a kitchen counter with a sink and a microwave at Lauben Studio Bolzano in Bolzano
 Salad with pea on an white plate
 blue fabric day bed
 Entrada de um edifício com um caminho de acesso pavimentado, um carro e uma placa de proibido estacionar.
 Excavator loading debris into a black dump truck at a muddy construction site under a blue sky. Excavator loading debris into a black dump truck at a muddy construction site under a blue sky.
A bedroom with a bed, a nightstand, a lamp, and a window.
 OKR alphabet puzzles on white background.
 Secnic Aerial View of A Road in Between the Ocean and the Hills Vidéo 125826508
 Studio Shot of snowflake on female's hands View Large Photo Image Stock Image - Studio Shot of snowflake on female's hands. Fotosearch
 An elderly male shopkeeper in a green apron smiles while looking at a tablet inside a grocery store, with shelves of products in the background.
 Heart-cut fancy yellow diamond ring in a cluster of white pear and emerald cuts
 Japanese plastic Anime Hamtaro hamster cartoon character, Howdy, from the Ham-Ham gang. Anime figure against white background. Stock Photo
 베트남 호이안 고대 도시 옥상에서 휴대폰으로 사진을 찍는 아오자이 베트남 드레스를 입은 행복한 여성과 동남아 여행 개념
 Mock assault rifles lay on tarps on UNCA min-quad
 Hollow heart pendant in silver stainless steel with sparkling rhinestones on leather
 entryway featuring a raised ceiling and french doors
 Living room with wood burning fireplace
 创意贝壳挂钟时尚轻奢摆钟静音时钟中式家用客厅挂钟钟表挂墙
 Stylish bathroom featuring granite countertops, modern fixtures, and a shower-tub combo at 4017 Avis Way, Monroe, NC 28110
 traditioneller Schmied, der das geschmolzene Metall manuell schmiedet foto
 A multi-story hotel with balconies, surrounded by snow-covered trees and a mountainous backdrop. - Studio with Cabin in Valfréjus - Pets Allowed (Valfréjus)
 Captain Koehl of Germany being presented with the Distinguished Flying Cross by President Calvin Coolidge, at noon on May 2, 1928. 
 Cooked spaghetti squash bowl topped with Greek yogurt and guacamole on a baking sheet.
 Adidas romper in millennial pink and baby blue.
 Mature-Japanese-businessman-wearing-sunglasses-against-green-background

● ● ● ● ● ● ●

The response must hold only the lines above from the line with "Salad with pea on an white plate" through the line with "Entrada de um", each copied exactly, both ends kept.

_EXERCISE RESPONSE_
 Salad with pea on an white plate
 blue fabric day bed
 Entrada de um edifício com um caminho de acesso pavimentado, um carro e uma placa de proibido estacionar.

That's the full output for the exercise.